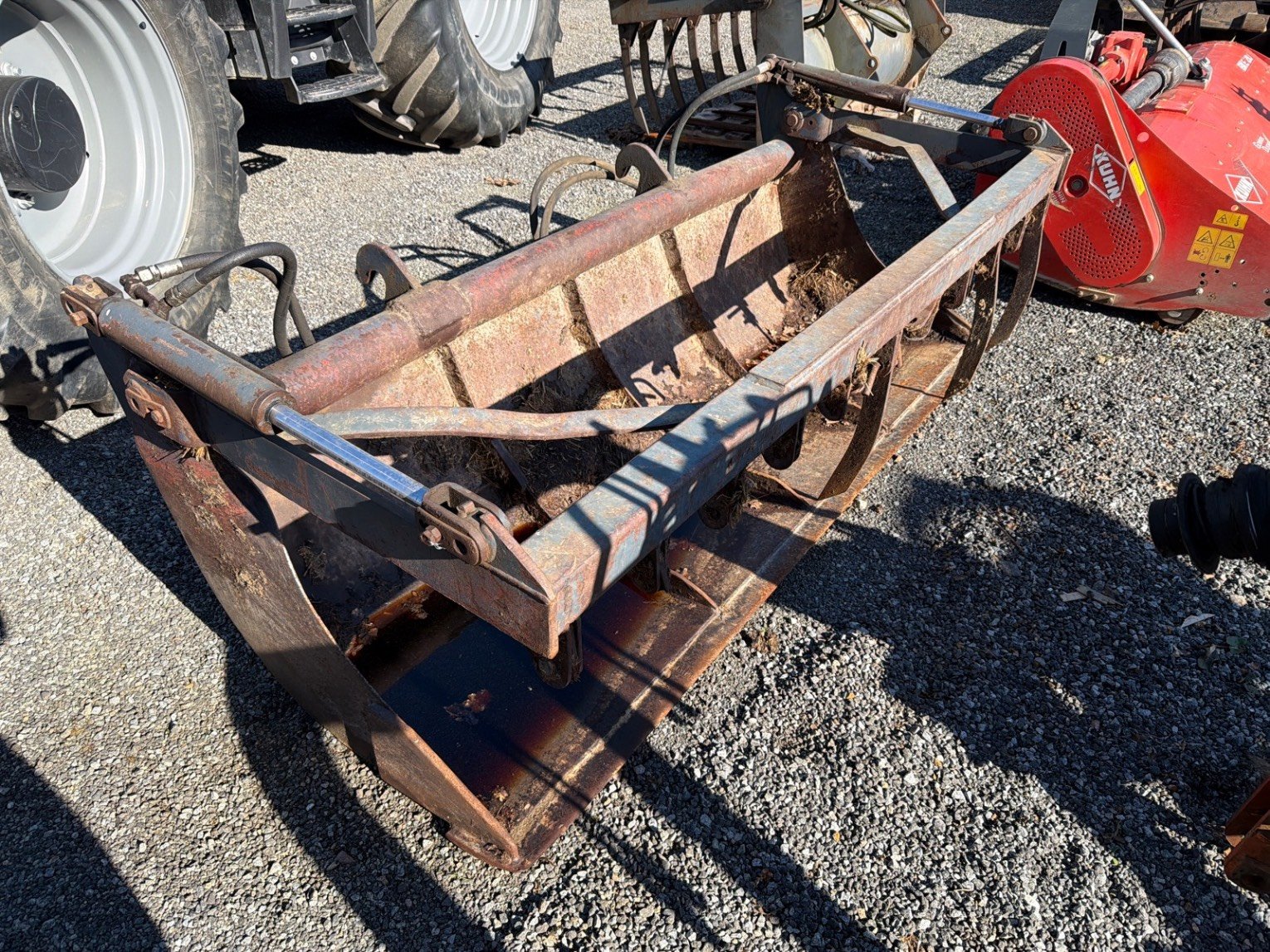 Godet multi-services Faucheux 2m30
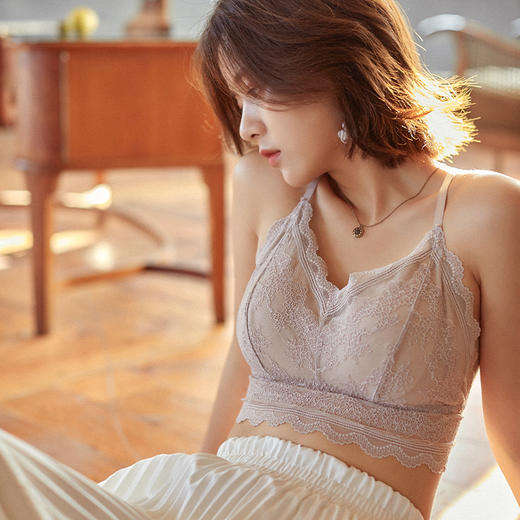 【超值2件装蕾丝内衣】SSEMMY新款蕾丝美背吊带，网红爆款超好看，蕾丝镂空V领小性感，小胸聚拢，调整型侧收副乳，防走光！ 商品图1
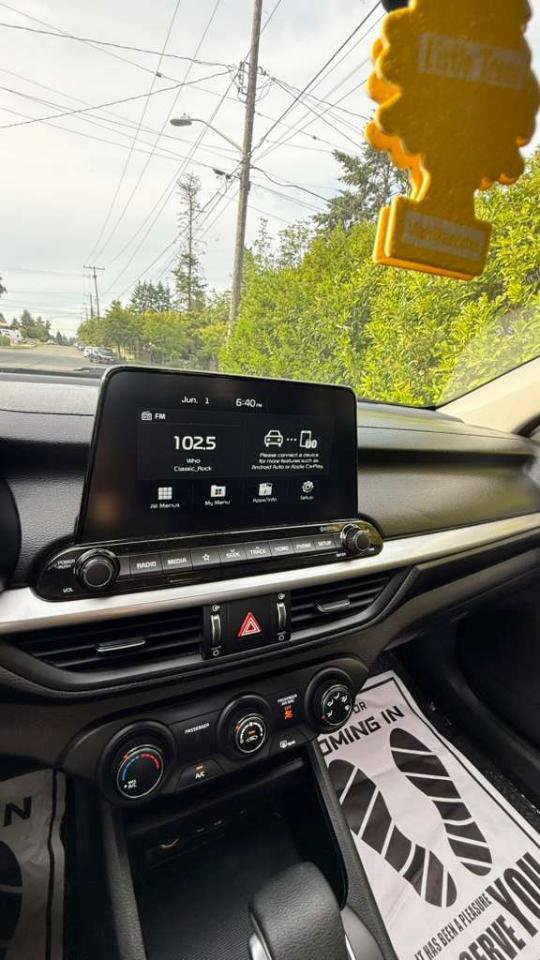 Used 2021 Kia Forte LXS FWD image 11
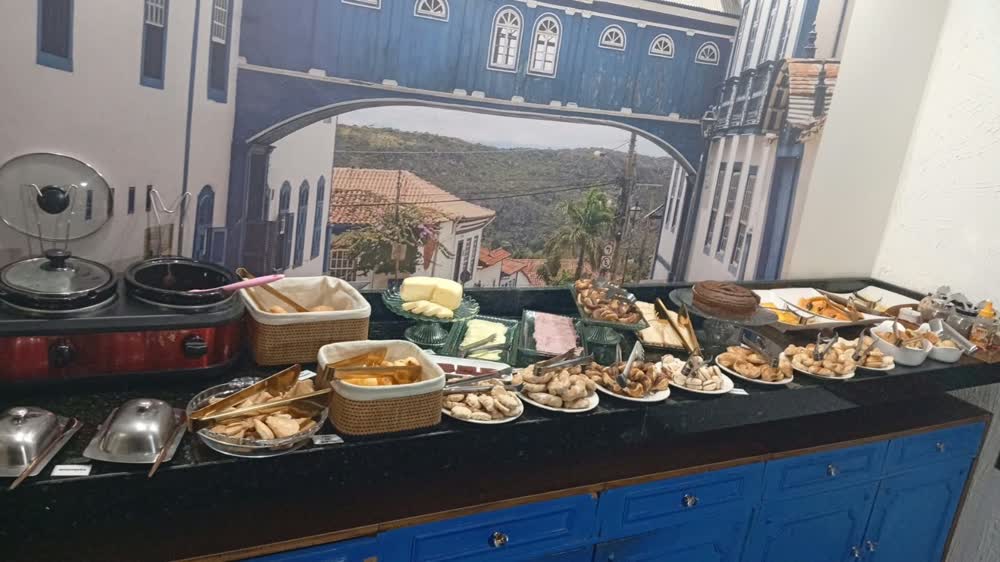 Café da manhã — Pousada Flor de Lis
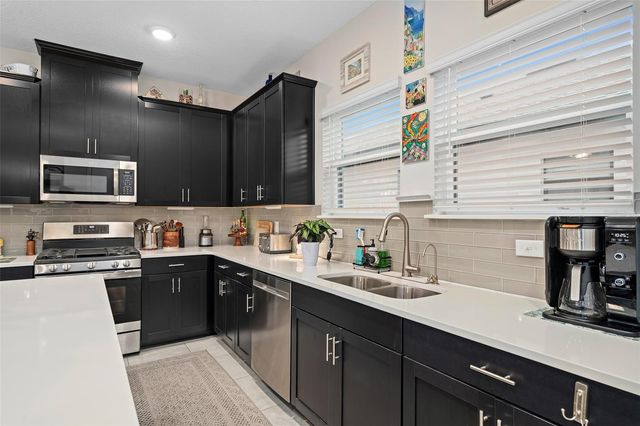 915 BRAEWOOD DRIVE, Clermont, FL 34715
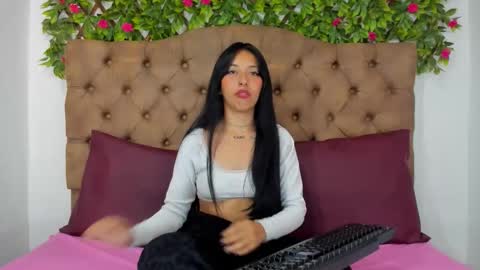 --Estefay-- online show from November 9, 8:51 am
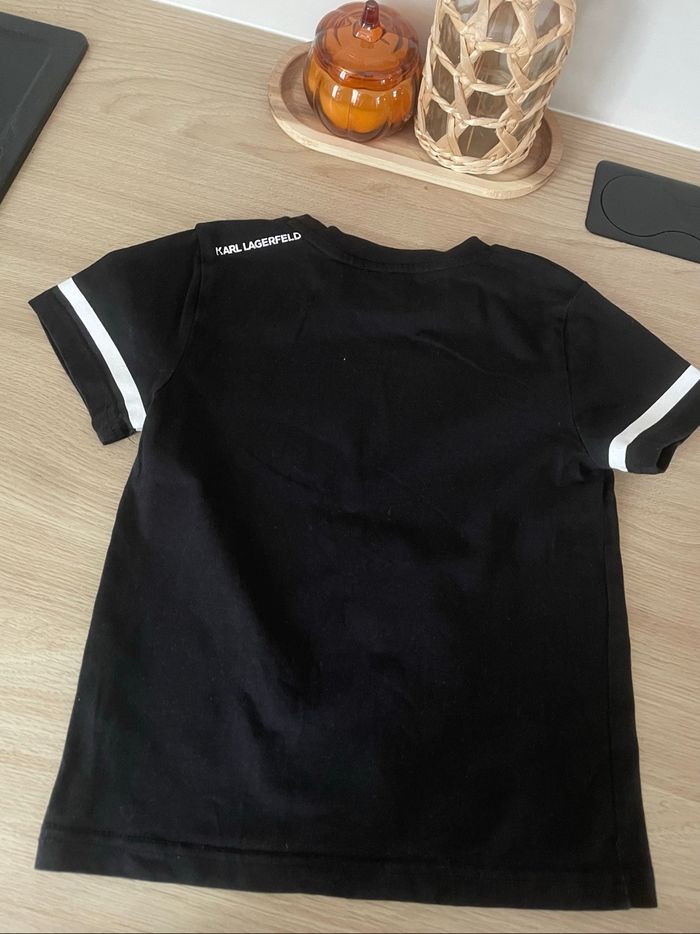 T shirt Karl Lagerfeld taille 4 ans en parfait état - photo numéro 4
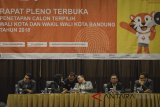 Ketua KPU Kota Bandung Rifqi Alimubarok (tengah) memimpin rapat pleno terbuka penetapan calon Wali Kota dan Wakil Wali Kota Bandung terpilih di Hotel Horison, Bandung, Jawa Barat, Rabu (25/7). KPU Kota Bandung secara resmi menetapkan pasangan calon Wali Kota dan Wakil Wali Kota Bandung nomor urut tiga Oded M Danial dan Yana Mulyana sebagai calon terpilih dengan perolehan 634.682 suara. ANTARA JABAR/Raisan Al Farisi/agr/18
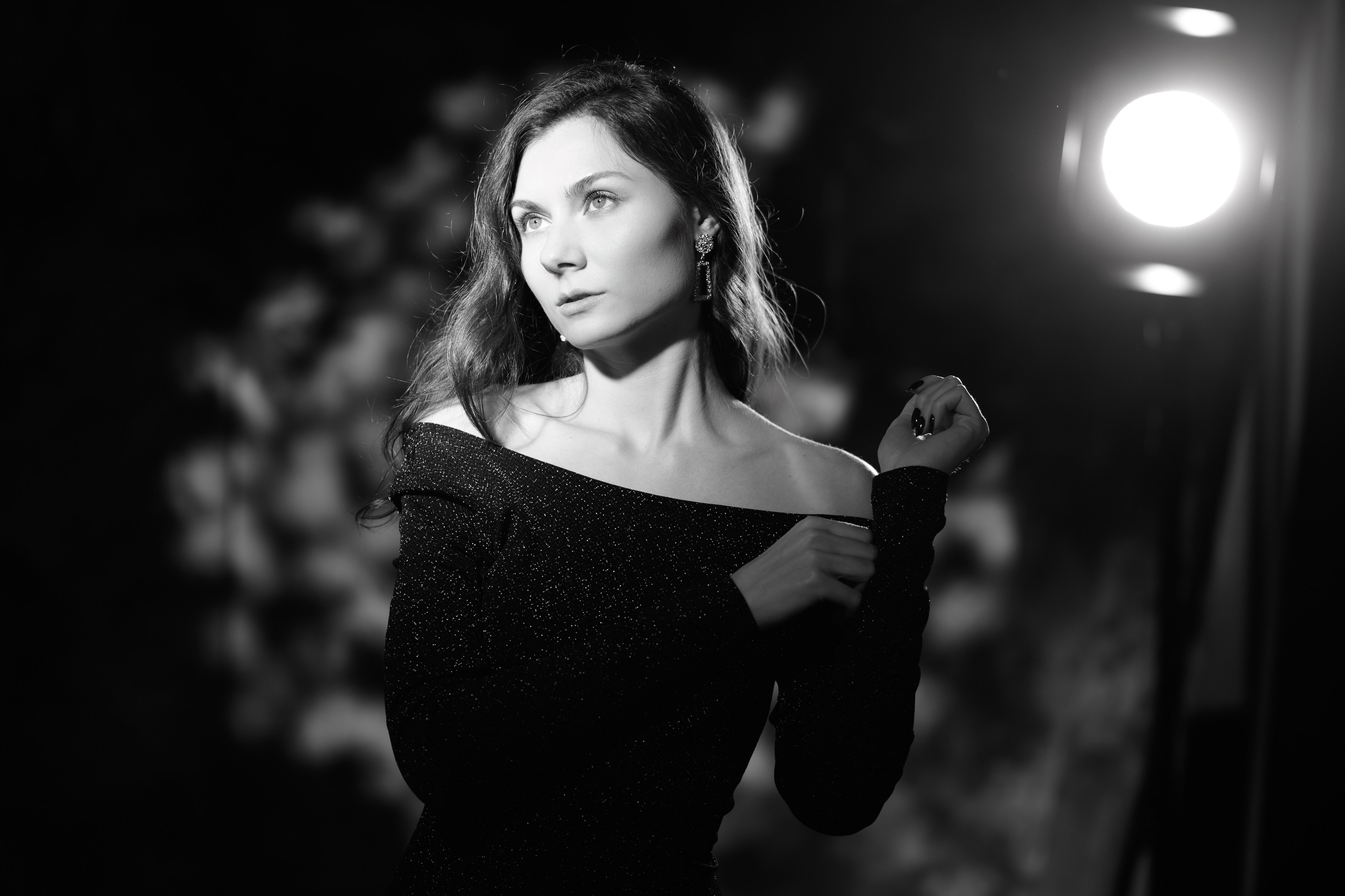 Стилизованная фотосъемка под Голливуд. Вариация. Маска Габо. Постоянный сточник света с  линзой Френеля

* * * *

* _WORK ITEM_
With the images removed, give back every entry exactly as shown.

* _YOUR RESPONSE_
 Godet multi-services Faucheux 2m30
 【超值2件装蕾丝内衣】SSEMMY新款蕾丝美背吊带，网红爆款超好看，蕾丝镂空V领小性感，小胸聚拢，调整型侧收副乳，防走光！ 商品图1
 Used 2021 Kia Forte LXS FWD image 11
 Café da manhã — Pousada Flor de Lis
 915 BRAEWOOD DRIVE, Clermont, FL 34715
 --Estefay-- online show from November 9, 8:51 am
 T shirt Karl Lagerfeld taille 4 ans en parfait état - photo numéro 4
 Ketua KPU Kota Bandung Rifqi Alimubarok (tengah) memimpin rapat pleno terbuka penetapan calon Wali Kota dan Wakil Wali Kota Bandung terpilih di Hotel Horison, Bandung, Jawa Barat, Rabu (25/7). KPU Kota Bandung secara resmi menetapkan pasangan calon Wali Kota dan Wakil Wali Kota Bandung nomor urut tiga Oded M Danial dan Yana Mulyana sebagai calon terpilih dengan perolehan 634.682 suara. ANTARA JABAR/Raisan Al Farisi/agr/18
 Стилизованная фотосъемка под Голливуд. Вариация. Маска Габо. Постоянный сточник света с  линзой Френеля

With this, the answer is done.